The input =
***
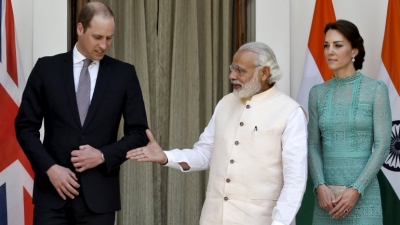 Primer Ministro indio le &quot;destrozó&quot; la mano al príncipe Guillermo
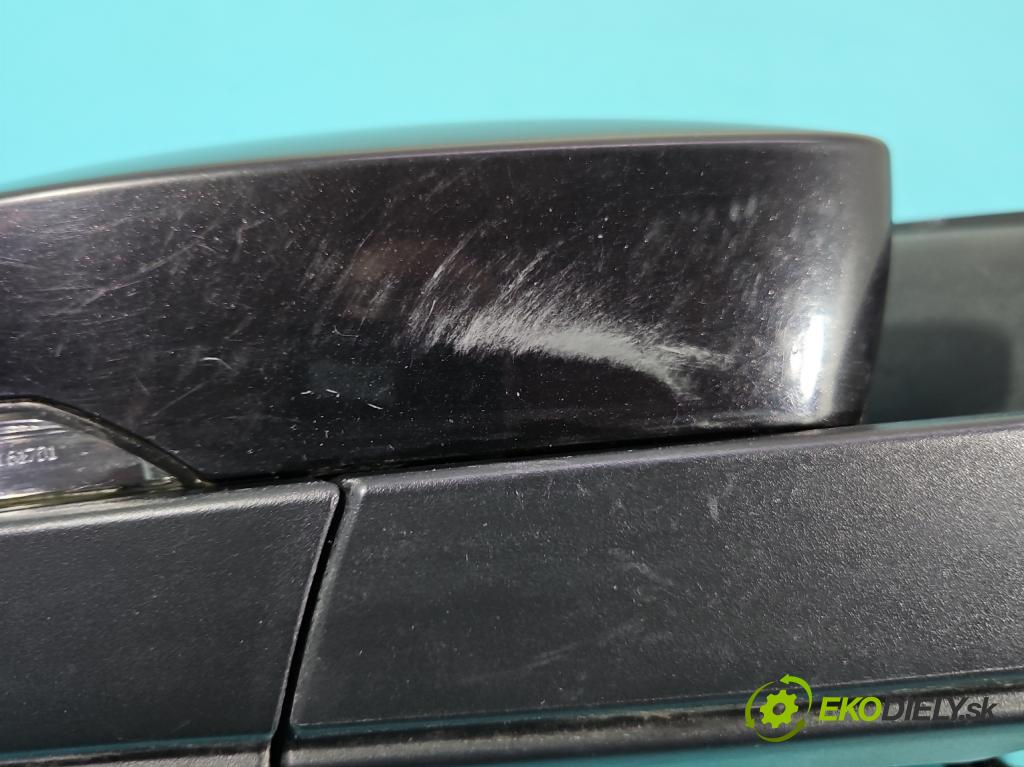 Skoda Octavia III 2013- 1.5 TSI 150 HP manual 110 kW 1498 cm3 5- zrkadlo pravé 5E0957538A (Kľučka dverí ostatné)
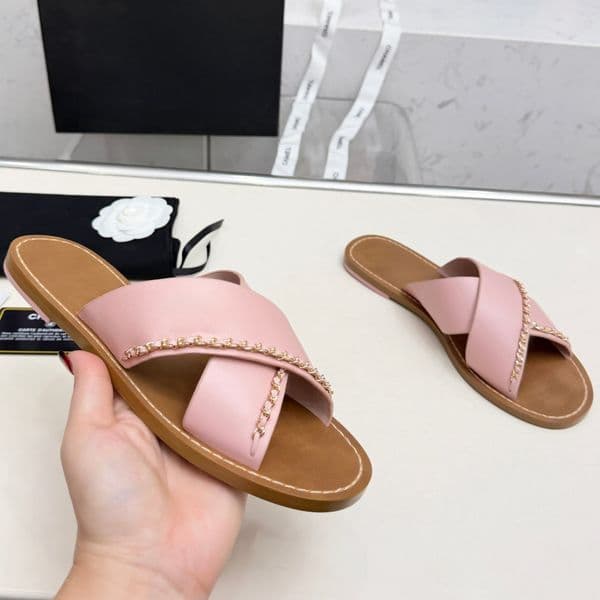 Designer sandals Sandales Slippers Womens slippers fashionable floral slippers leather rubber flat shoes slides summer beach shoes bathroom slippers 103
***
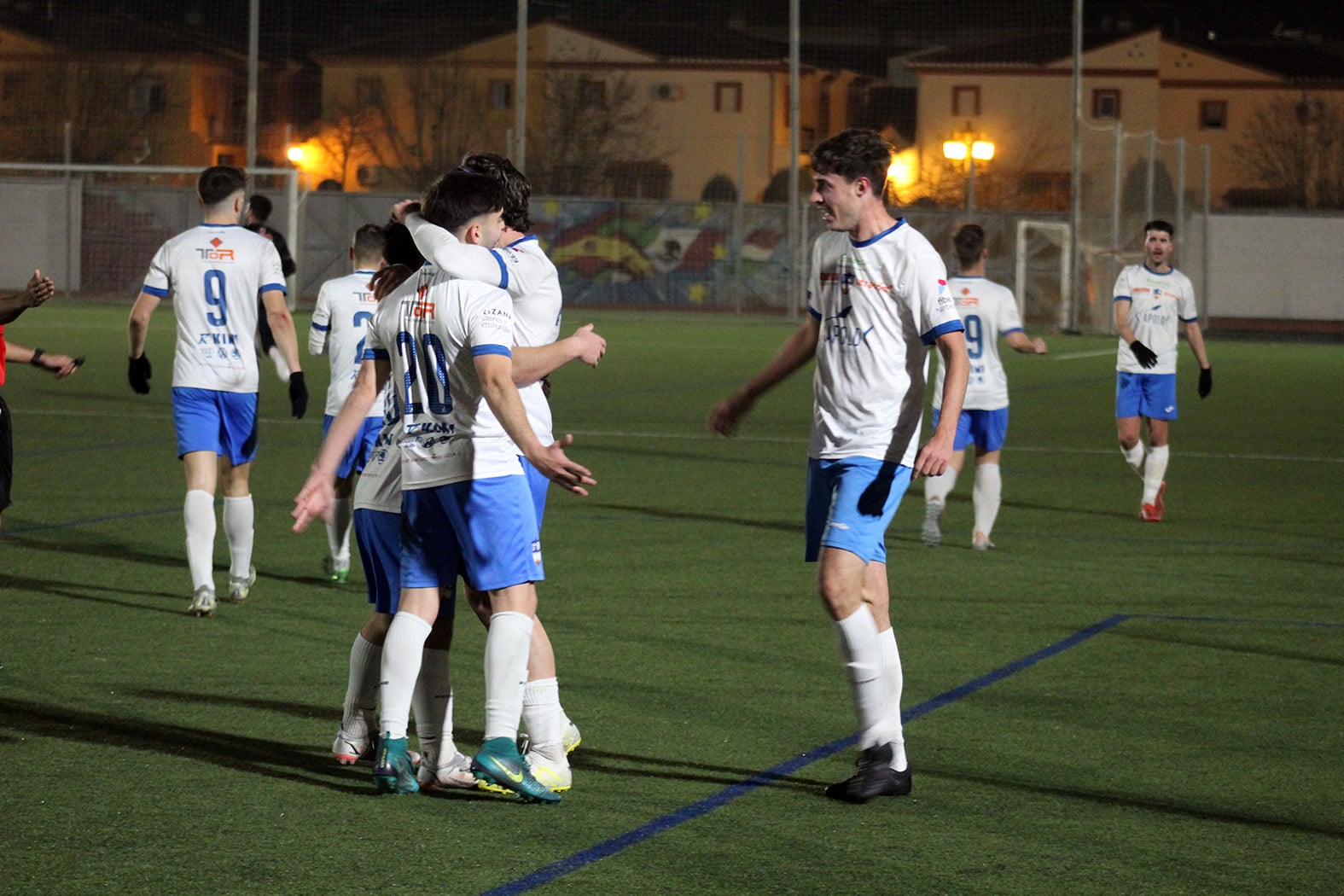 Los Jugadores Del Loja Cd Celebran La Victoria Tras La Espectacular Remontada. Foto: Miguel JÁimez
***
Exercise directions = Return, exactly as they stand, the lines above from the one with "Skoda Octavia III" to the one with "Designer sandals Sandales", omitting any pictures among them.

Answer section =
 Skoda Octavia III 2013- 1.5 TSI 150 HP manual 110 kW 1498 cm3 5- zrkadlo pravé 5E0957538A (Kľučka dverí ostatné)
 Designer sandals Sandales Slippers Womens slippers fashionable floral slippers leather rubber flat shoes slides summer beach shoes bathroom slippers 103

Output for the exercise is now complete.